Updated August 30, 2007

All statistics in this report are from the Commerce Department's Exporter Database (EDB), which provides an annual statistical profile of U.S. exporting companies, including their number, size, industry composition, and geographic distribution. The EDB is a joint project of the Census Bureau and the International Trade Administration.

Latest available data from the EDB are currently for 2005.

The EDB lists all enterprises that could be identified from Shippers' Export Declarations (SEDs) that were filed, per U.S. regulations, for merchandise exiting the country. To identify exporters from SEDs, the Census Bureau used Employer Identification Numbers and other SED information to link these documents to the Bureau's Business Register (which contains information on company characteristics and locations).

All EDB statistics on exporters refer to companies, not establishments. Companies are legal entities that consist of one or more commercial establishments. Establishments are individual business units, or locations, where economic activity takes place. Establishments include factories, warehouses, and retailing facilities. The terms "company," "enterprise," and "firm" are used interchangeably in this report. The EDB includes both U.S.-domiciled companies and U.S. affiliates of foreign firms that export goods from the United States.

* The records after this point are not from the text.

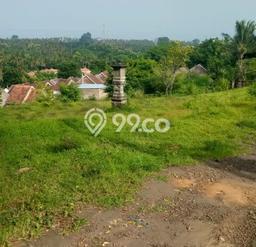 Jarang Ada! Tanah di Kayuputih Punya Luas 800m2 SHM Jarang Ada! Tanah di Kayuputih Punya Luas 800m2 SHM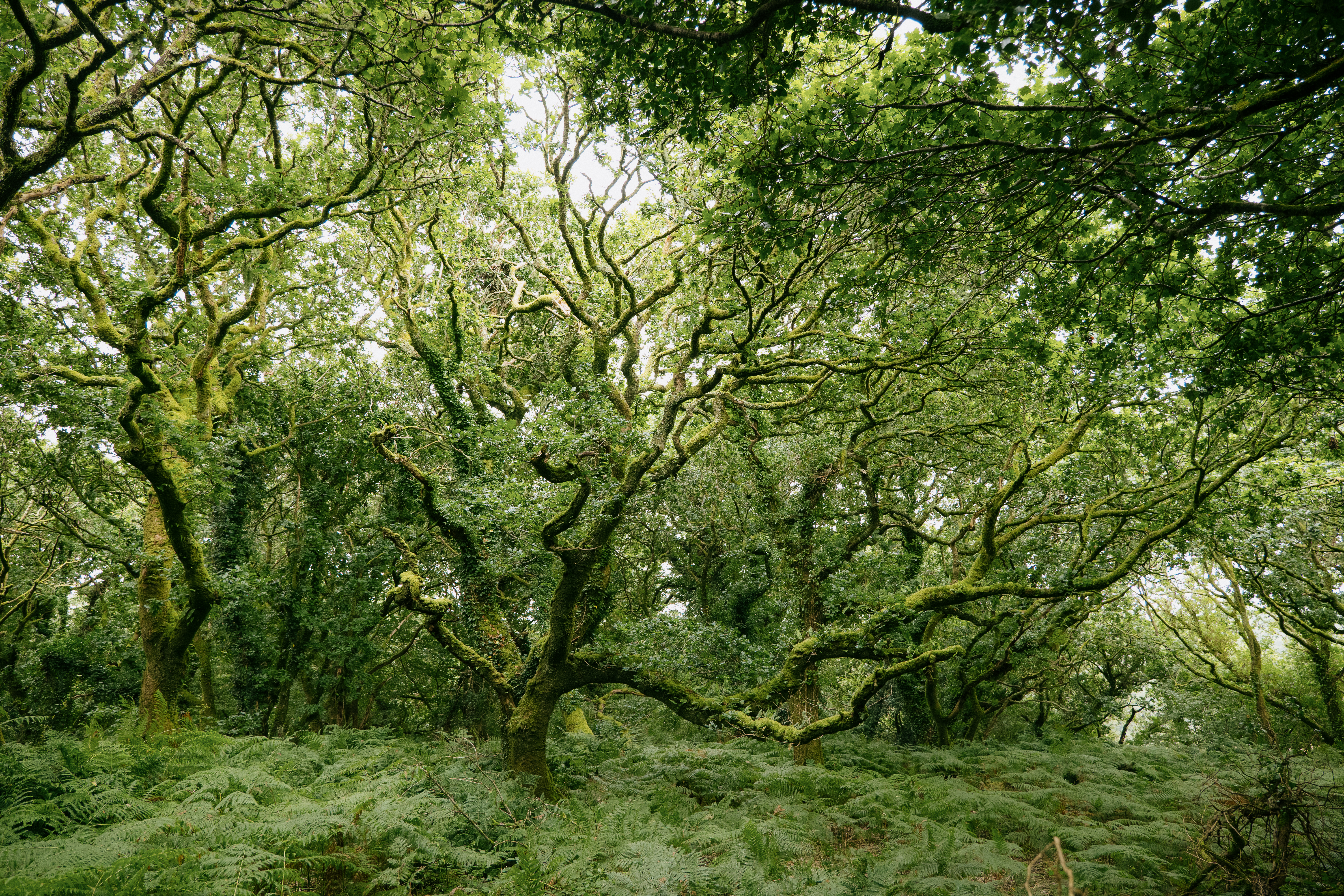 Celtic rainforest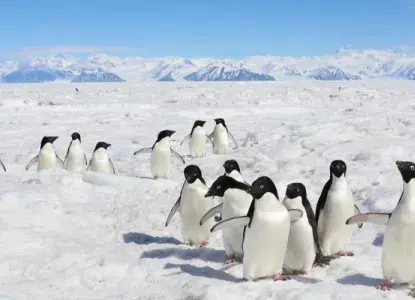 Cape%20Adare%20Banner.jpg Orcas in East Antarctica
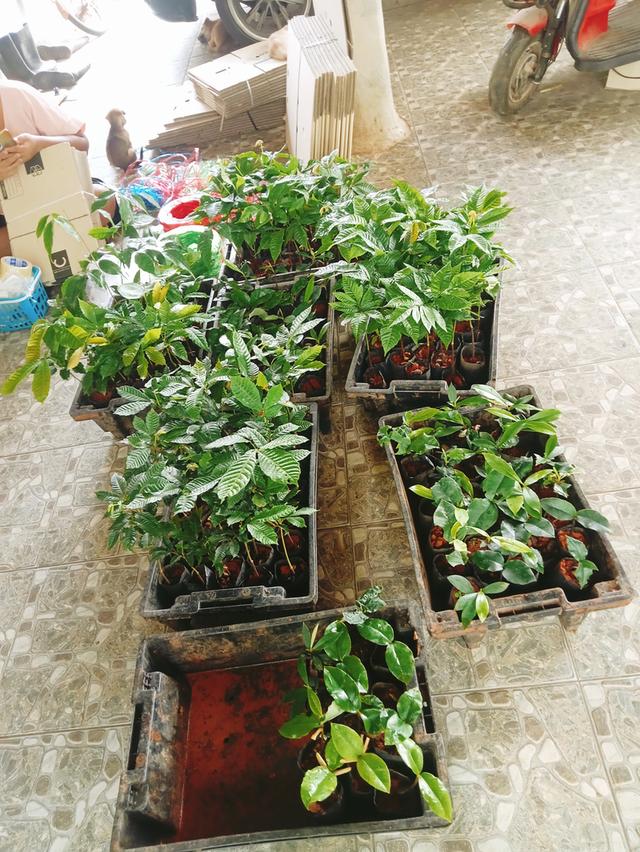 ต้นลำใยคริสตัน มีหลายสี เช่นสีม่วงจัมโบ้ รูปที่ 2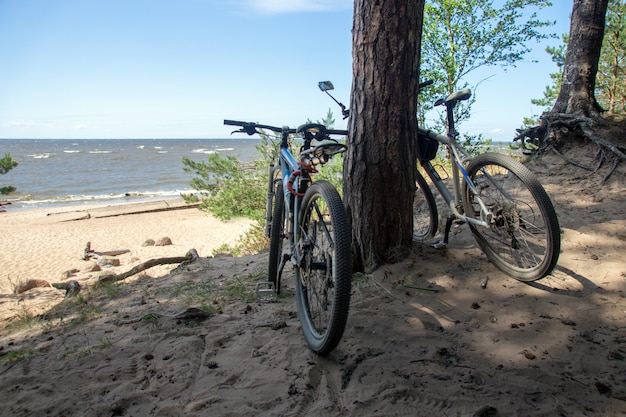 Coppie delle biciclette che stanno sotto gli alberi di pino su una spiaggia sabbiosa un giorno di estate soleggiato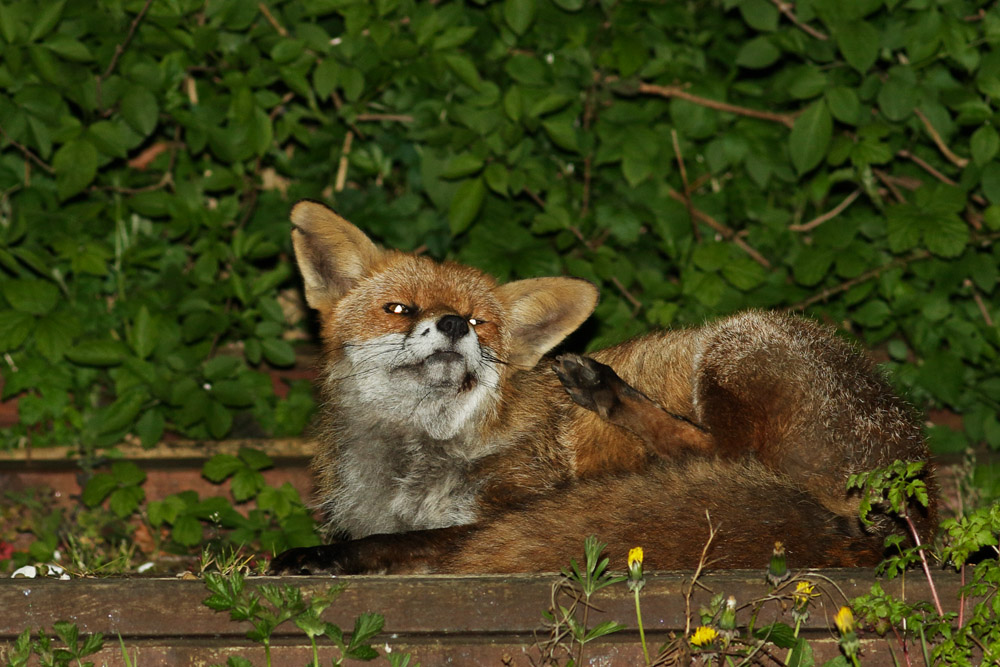 1104171104176558.jpg - Male fox with nicked ear relaxing at the rear of the garden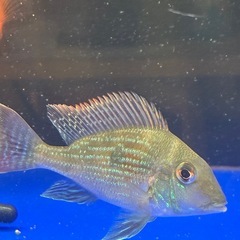 ゲオファーガス　スベニの画像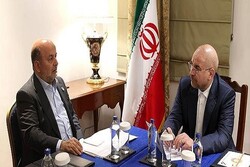 Iran parl. speaker meets APA sec.-gen. in Turkey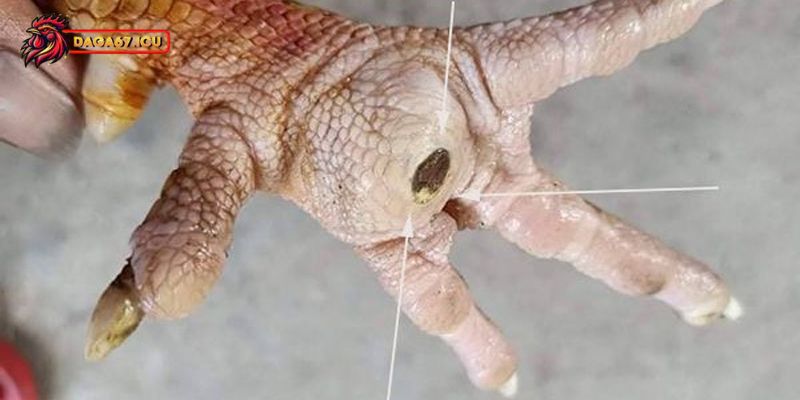 Mẹo chẩn đoán gà mắc bệnh ké chậu chuẩn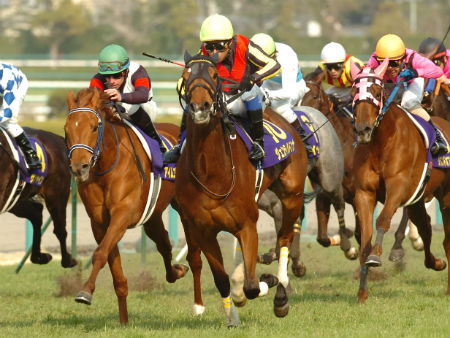 ジェンティルドンナが勝利、ジョワドヴィーヴル6着/桜花賞 | 競馬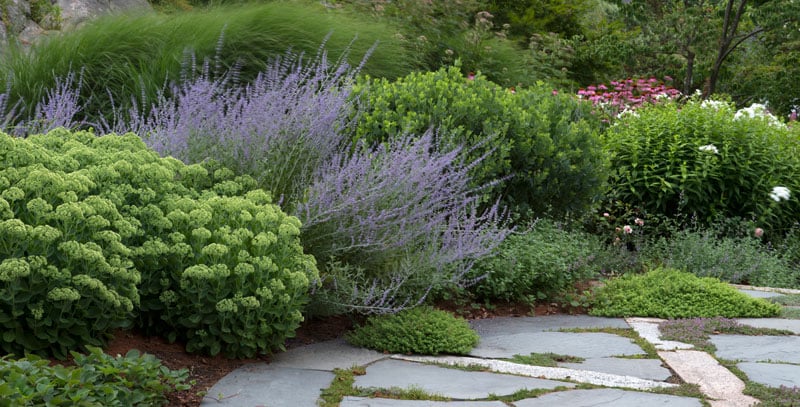 Photo of Parterre Garden Services
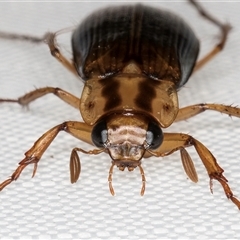 Telura sp. (genus) (A scarab beetle) at Melba, ACT - 5 Feb 2025 by kasiaaus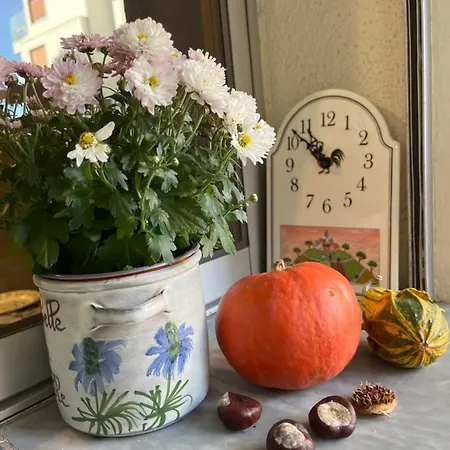 Beautiful With Privat Terrace Apartment Nizza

The linkage process outlined above yielded a 2005 Exporter Database consisting of 239,094 exporting firms, accounting for 87 percent of measurable merchandise export value. Export documents accounting for 13 percent of export value could not be linked to the companies that filed the forms due to a variety of factors—e.g., misreporting by firms, errors in collection and processing, and coverage problems.

Because not all SEDs can be definitively linked to the firms that filed them, the EDB may slightly understate the total number of exporters, especially as regards small companies with only a few export transactions. Nevertheless, the EDB likely captures almost all significant exporters. This is because only one valid export declaration is needed to link an exporter to Census data bases. If a company submits 1,000 export declarations and all but one are invalid, the company is still captured by the EDB.

Due to improvements in methodology and data collection, the 2005 match rate of 87 percent (by value) was 9 percentage points higher than the 1992 match rate of 78 percent. As a result, changes in the number of exporters over the 1992–2005 period should be interpreted with some caution. Some portion of the increase in the exporter population was undoubtedly the by-product of measurement enhancements; however, the extent of the effect is unknown. Whatever the impact, overall trends documented by the EDB are fully corroborated by a large body of anecdotal evidence reported in the media and by an upsurge in U.S. companies seeking assistance from government export promotion agencies.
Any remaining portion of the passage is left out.